Closed edbonneville closed 3 years ago

edbonneville commented 3 years ago

Dear mice team,

I have noticed when using mice() on data where a single variable has missing values that the default maxit = 5 is still used, despite no cycles being needed since it is univariate imputation. For example:

library(mice, warn.conflicts = FALSE)

# Keep bmi as single variable with missings
dat <- subset(x = mice::nhanes2, select = c("age", "bmi"))
imps <- mice(data = dat, printFlag = FALSE)
summary(imps)
#> Class: mids
#> Number of multiple imputations:  5 
#> Imputation methods:
#>   age   bmi 
#>    "" "pmm" 
#> PredictorMatrix:
#>     age bmi
#> age   0   1
#> bmi   1   0
imps[["iteration"]]
#> [1] 5

I was wondering in this case whether it could be worth including either a message/warning for when maxit > 1, or changing to maxit = 1 internally? So only done when predictorMatrix has only a single row with non-zero values.

Giving a message is the approach taken in the Stata implementation of mice, see the relevant JSS article (section 6.2) which prints: "Only 1 variable to be imputed, therefore no cycling needed"

I think it could be an informative message for those new to imputation (and save a little computation time), but also understand if you choose to leave as is.

Thanks!

stefvanbuuren commented 3 years ago

Thanks for your suggestion. More generally, mice does not need to iterate when imputing a monotone missing data patterns.

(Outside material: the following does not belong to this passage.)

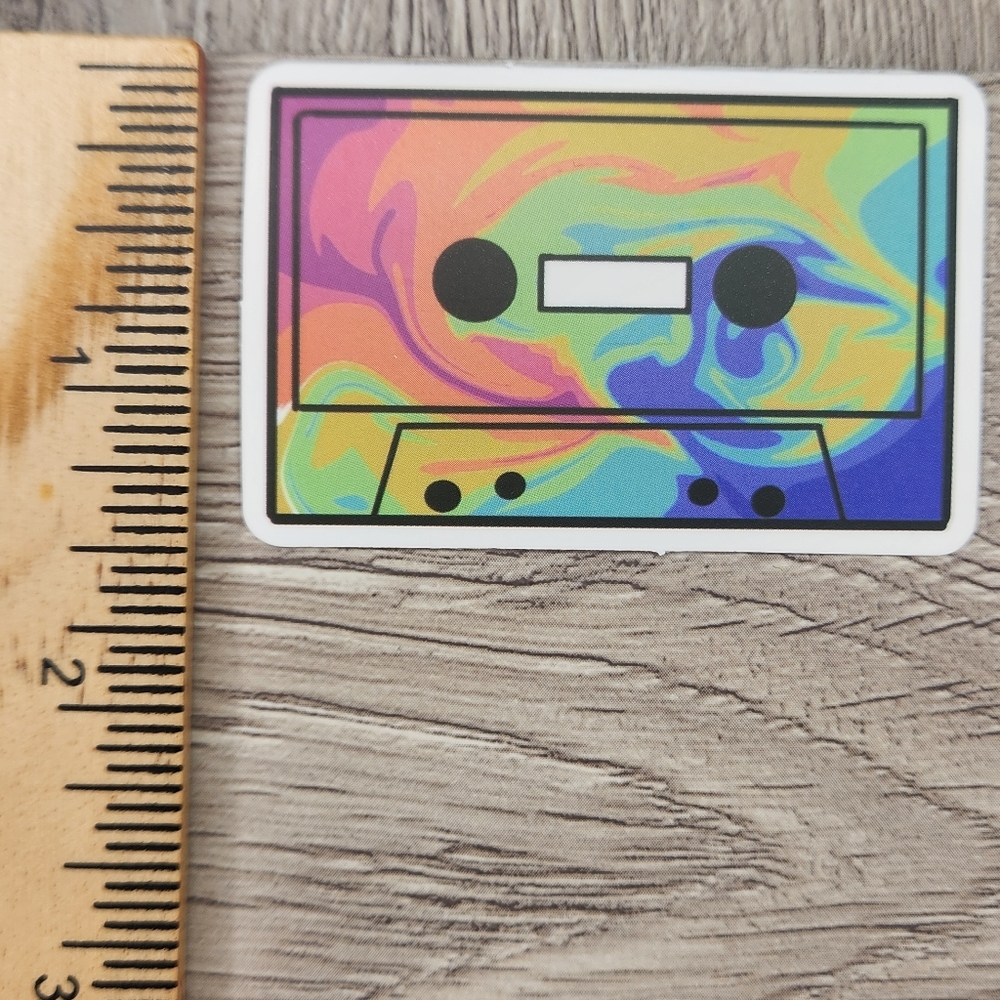 10/$10 Cassette Sticker Tie Dye Groovy Hippie 70s Vibe Colorful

A complication is that a user-specified where argument to the mice() function could break the monotone pattern, even if the missing data occur in only one variable. Also, a user-specified block argument complicates checking. So, while I am sympathetic to the idea, checking the conditions when exactly the message should be printed is less trivial that it appears. Since "iterating too much" does not hurt in any way (apart from a slight increase of calculation time), I will leave it as-is.

edbonneville commented 3 years ago

Understandable - thanks for considering.